:: Exercise ::
Skip all pictures, then copy the lines from the start of the data through the line with "Melanin Prince Infant Onesie", keeping both ends.

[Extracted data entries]
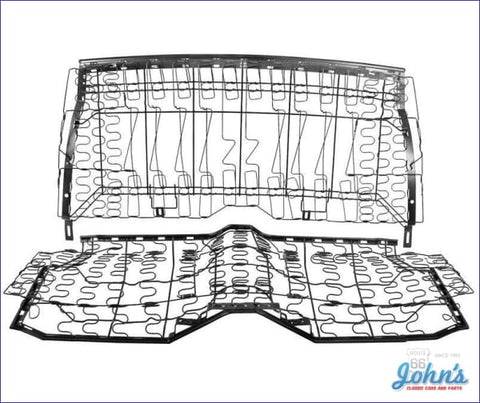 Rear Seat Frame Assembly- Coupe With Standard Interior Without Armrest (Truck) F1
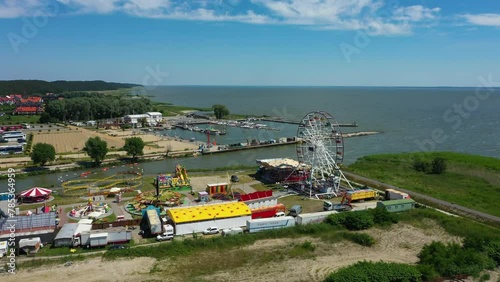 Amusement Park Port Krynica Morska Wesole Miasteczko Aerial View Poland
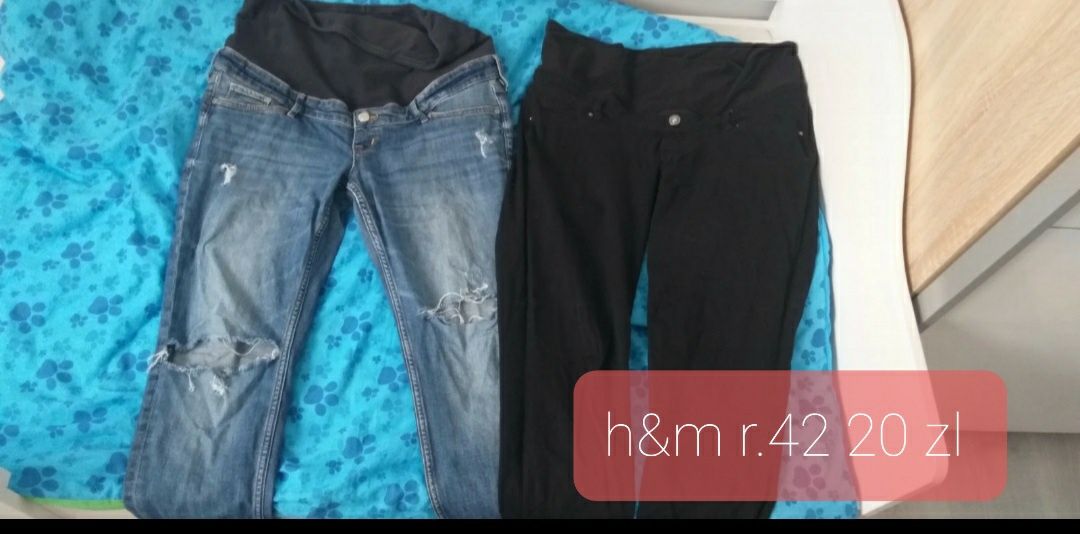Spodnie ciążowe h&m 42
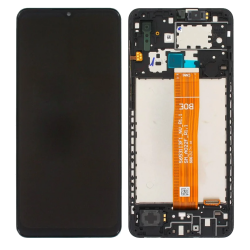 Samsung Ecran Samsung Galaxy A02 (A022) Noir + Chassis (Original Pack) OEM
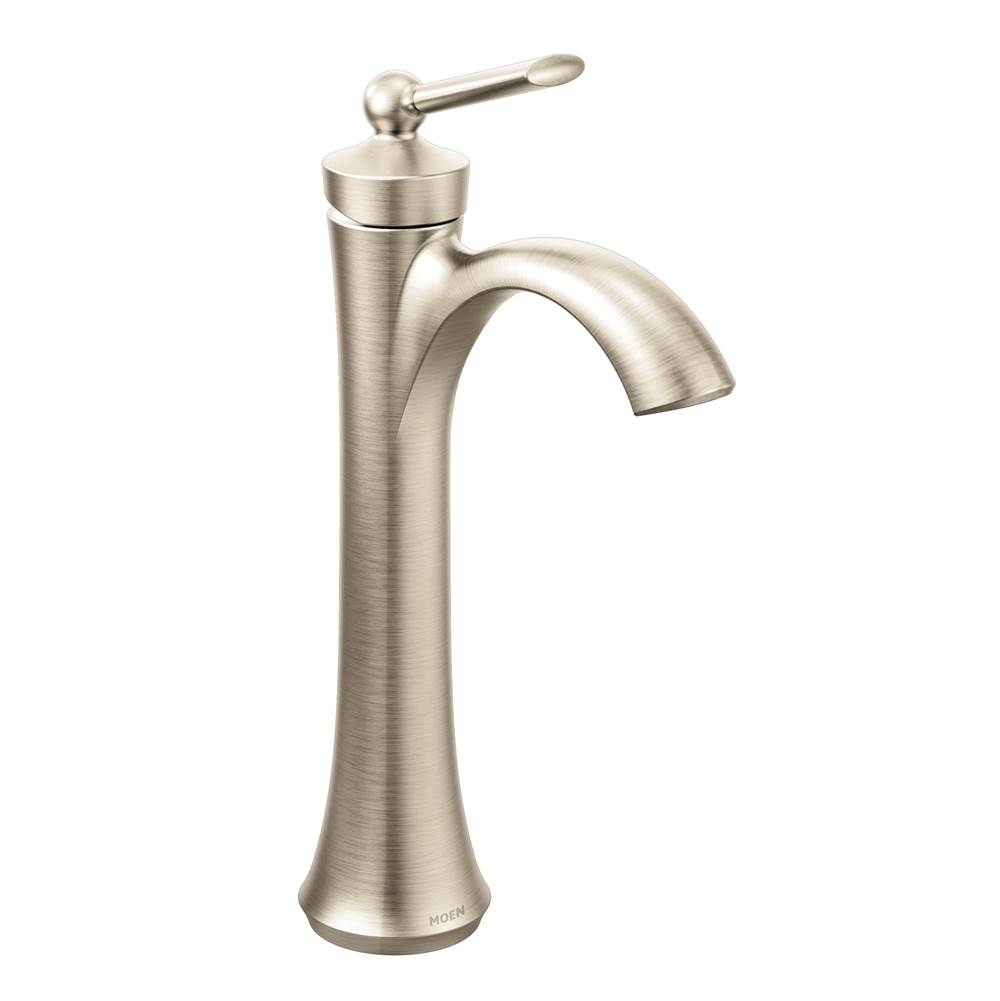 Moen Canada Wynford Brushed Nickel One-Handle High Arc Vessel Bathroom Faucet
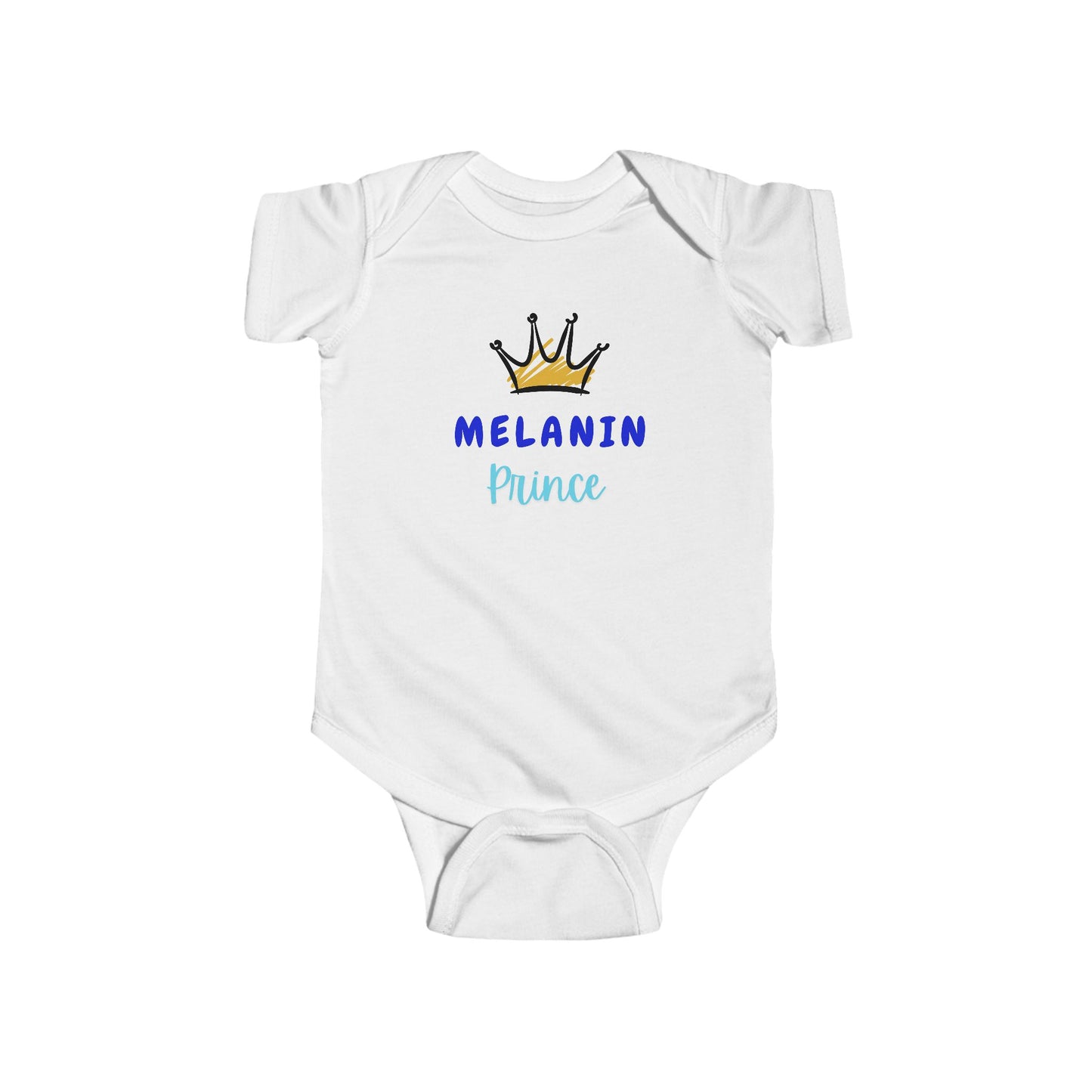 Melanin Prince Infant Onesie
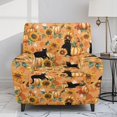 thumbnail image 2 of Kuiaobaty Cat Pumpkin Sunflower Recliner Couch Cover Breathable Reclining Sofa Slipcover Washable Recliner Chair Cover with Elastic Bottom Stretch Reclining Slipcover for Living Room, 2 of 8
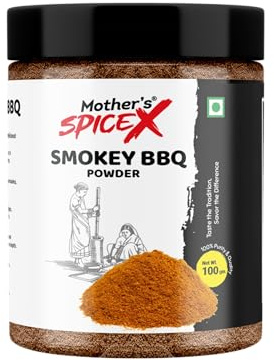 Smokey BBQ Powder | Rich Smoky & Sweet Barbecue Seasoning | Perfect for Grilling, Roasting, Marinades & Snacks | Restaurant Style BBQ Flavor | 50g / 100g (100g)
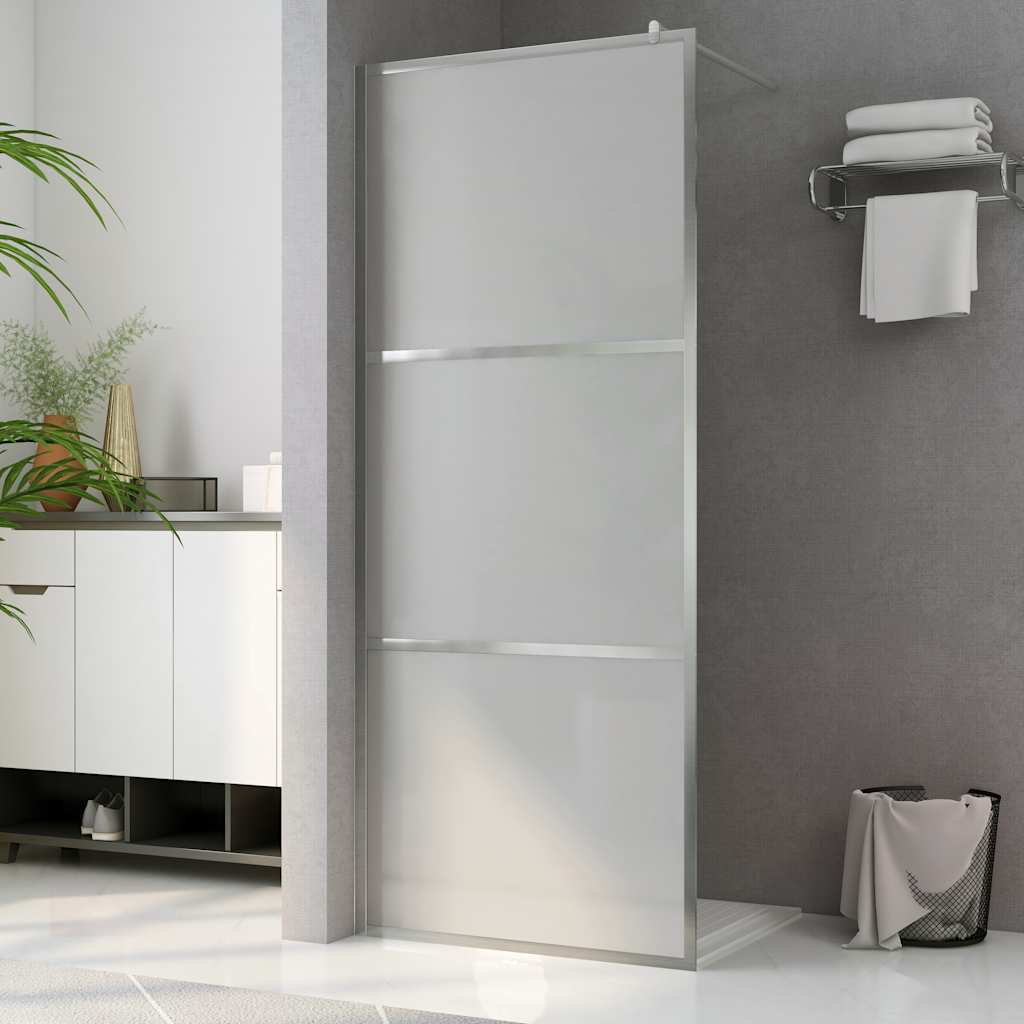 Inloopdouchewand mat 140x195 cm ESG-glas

:: Answer below ::
 Rear Seat Frame Assembly- Coupe With Standard Interior Without Armrest (Truck) F1
 Amusement Park Port Krynica Morska Wesole Miasteczko Aerial View Poland
Spodnie ciążowe h&m 42
 Samsung Ecran Samsung Galaxy A02 (A022) Noir + Chassis (Original Pack) OEM
 Moen Canada Wynford Brushed Nickel One-Handle High Arc Vessel Bathroom Faucet
 Melanin Prince Infant Onesie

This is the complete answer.